Film
Old English filmen ‘membrane’, of West Germanic origin; related to fell5.
wiktionary
From Middle English filme, from Old English filmen(“film, membrane, thin skin, foreskin”), from Proto-Germanic *filminją(“thin skin, membrane”) (compare Proto-Germanic *felma-(“skin, hide”)), from Proto-Indo-European*pél-mo-(“membrane”), from *pel-(“to cover, skin”). Cognate with Old Frisian filmene(“thin skin, human skin”), Dutch vel(“sheet, skin”), German Fell(“skin, hide, fur”), Swedish fjäll(“fur blanket, cloth, scale”), Norwegian fille(“rag, cloth”), Lithuanian plėvē(“membrane, scab”), Russian плева́(plevá, “membrane”), Ancient Greek πέλμα(pélma, “sole of the foot”). More at fell. Sense of a thin coat of something is 1577, extended by 1845 to the coating of chemical gel on photographic plates. By 1895 this also meant the coating plus the paper or celluloid.
etymonline
film (n.)
Old English filmen "membrane, thin skin, foreskin," from West Germanic *filminjan (source also of Old Frisian filmene "skin," Old English fell "hide"), extended from Proto-Germanic *fello(m) "animal hide," from PIE root *pel- (3) "skin, hide."

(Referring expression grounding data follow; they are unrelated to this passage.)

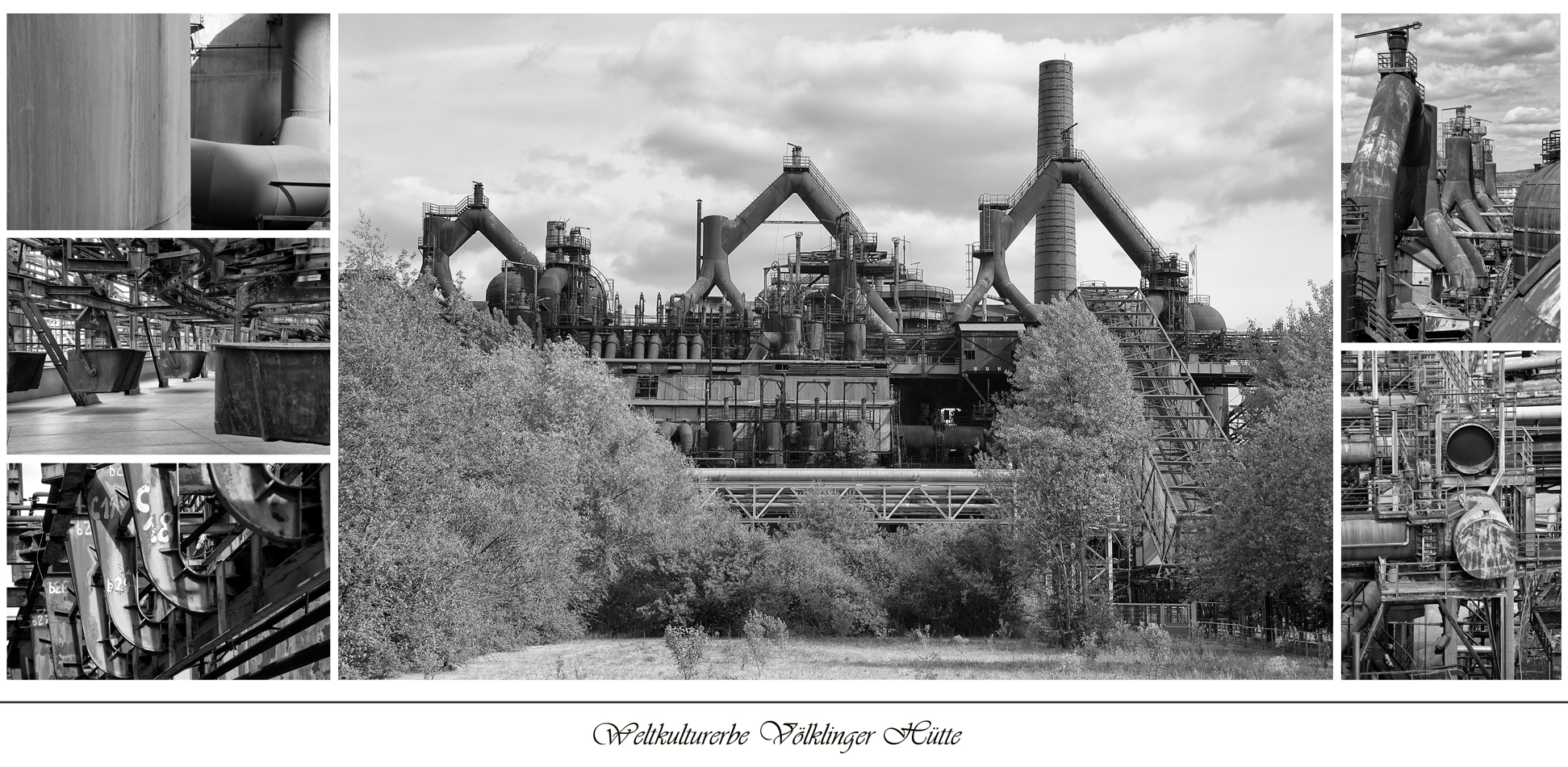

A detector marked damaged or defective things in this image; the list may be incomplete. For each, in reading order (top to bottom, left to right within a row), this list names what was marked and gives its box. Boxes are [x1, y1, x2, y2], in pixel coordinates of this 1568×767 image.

rusty metal surface [6, 350, 45, 392]
rusty metal surface [213, 342, 329, 442] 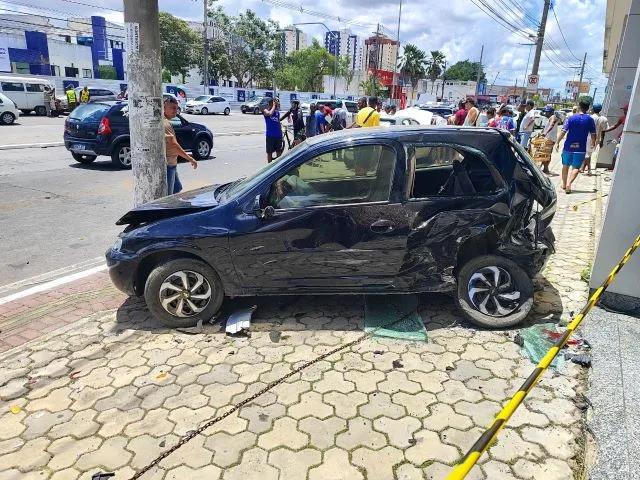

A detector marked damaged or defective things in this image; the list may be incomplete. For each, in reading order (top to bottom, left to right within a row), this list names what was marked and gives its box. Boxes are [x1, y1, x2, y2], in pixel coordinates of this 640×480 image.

damaged black car [105, 126, 556, 330] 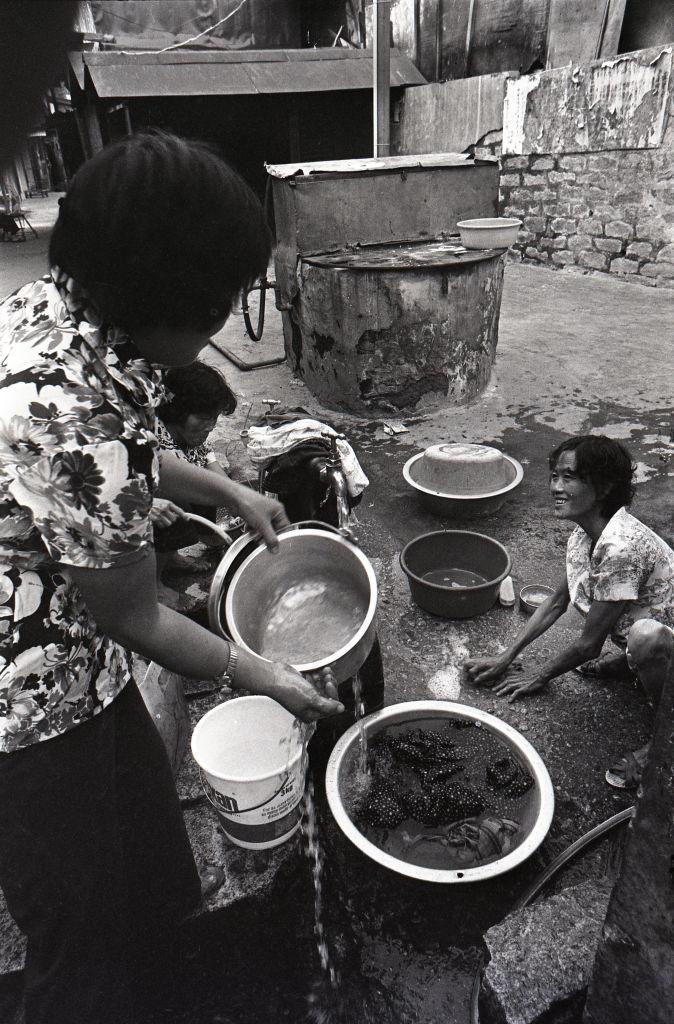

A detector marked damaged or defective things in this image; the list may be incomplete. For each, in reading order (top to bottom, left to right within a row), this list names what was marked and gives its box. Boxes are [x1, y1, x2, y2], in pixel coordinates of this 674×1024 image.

rusty metal tank [290, 239, 503, 411] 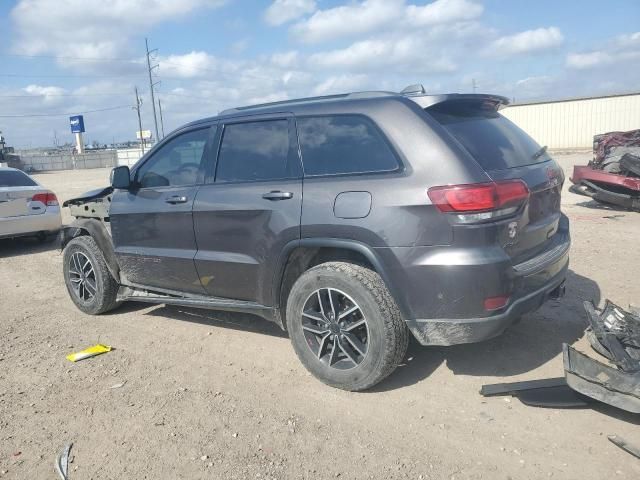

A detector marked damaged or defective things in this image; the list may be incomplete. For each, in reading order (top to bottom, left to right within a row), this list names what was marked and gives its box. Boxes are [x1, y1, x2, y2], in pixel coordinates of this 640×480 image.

damaged front end [568, 128, 640, 211]
damaged front end [564, 302, 640, 414] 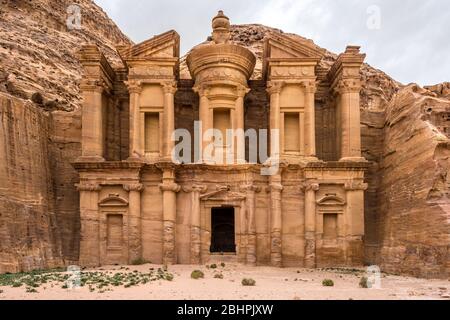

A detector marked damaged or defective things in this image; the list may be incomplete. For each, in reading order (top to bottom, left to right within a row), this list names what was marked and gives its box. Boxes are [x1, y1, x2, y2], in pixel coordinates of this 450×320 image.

broken pediment [118, 30, 181, 62] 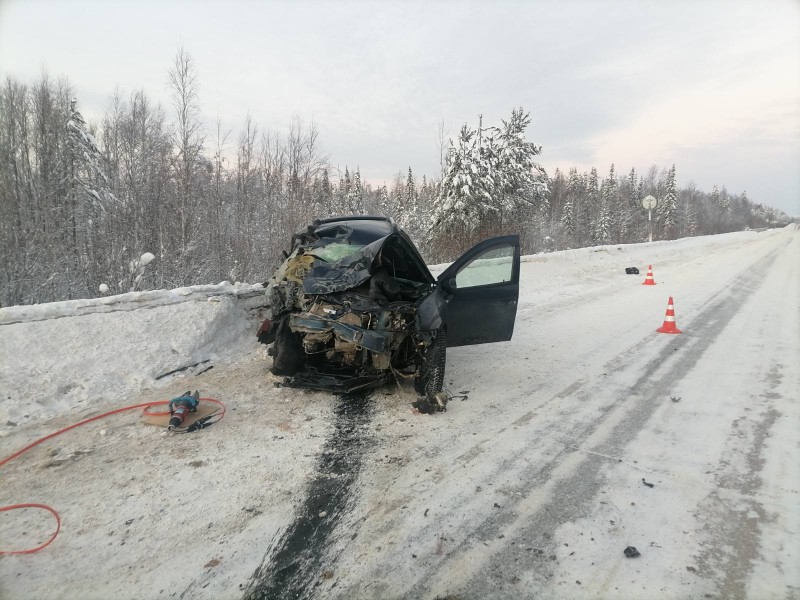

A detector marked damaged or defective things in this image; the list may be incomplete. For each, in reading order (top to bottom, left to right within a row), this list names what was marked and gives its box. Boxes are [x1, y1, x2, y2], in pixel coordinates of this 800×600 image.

damaged front end [260, 218, 434, 396]
wrecked car [256, 216, 520, 408] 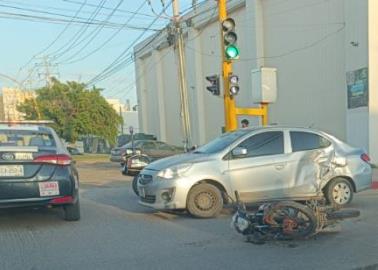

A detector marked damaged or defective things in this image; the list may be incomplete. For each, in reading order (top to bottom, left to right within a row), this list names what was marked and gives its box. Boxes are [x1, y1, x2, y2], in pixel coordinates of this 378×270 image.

dented car body [138, 127, 372, 216] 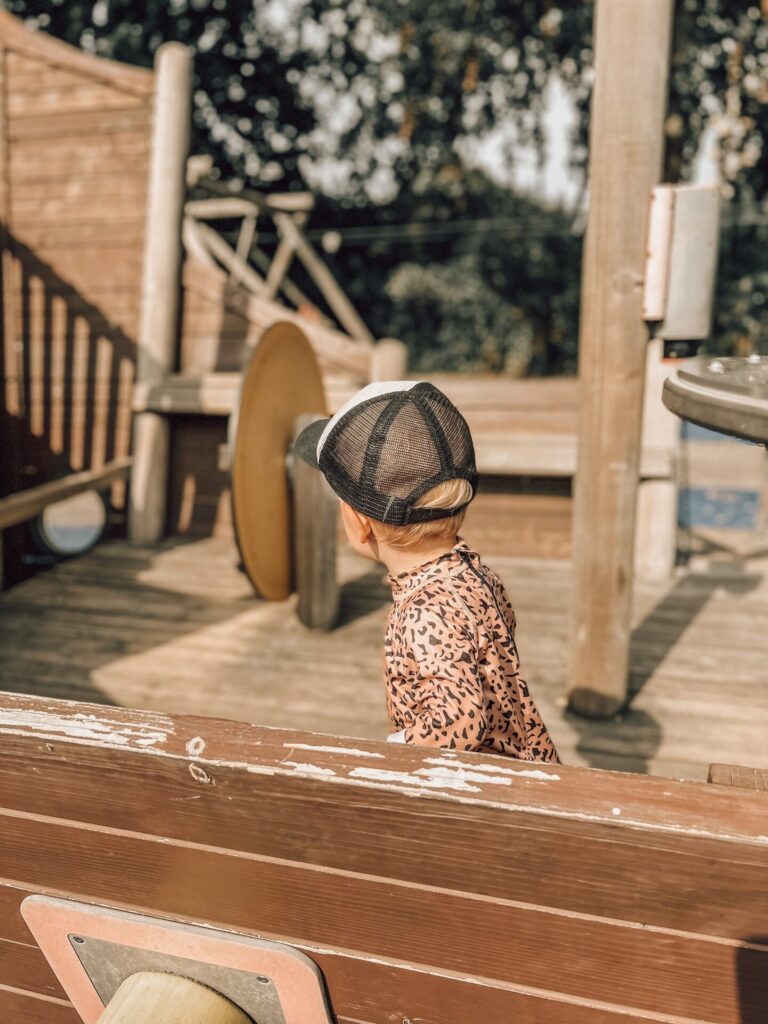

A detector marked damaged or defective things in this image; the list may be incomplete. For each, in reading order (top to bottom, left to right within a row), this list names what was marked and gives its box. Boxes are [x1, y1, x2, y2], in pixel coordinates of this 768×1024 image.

peeling paint [284, 744, 384, 760] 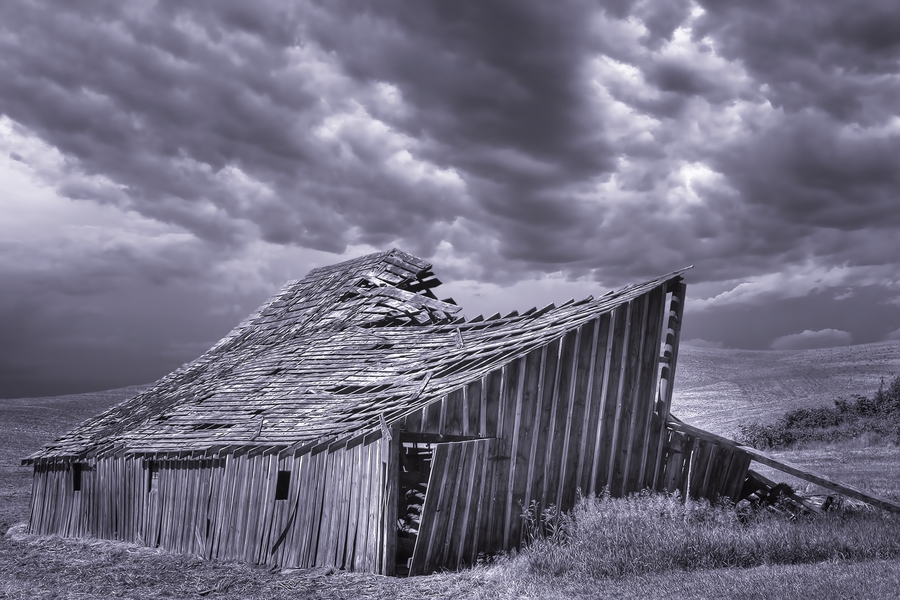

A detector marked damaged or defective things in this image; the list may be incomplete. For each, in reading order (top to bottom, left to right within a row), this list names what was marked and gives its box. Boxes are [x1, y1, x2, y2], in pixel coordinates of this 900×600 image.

broken roof boards [26, 246, 732, 576] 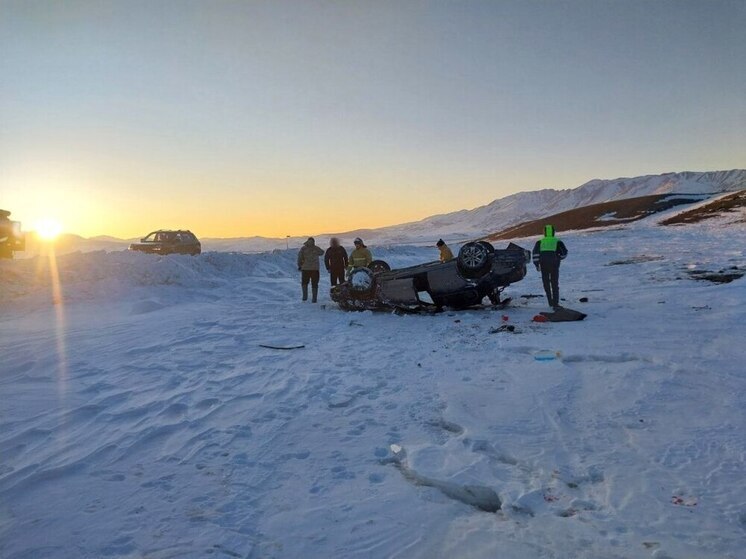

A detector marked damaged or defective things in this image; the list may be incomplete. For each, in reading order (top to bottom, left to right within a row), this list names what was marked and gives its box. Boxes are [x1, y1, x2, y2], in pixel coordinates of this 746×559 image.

Sense of "a thin coat of something" is 1570s, extended by 1845 to the coating of chemical gel on photographic plates. By 1895 this also meant the coating plus the paper or celluloid. Hence "a motion picture" (1905); sense of "film-making as a craft or art" is from 1920.
film (v.)
c. 1600, "to cover with a film or thin skin," from film (v.). Intransitive sense is from 1844. Meaning "to make a movie of" is from 1899. Related: Filmed; filming.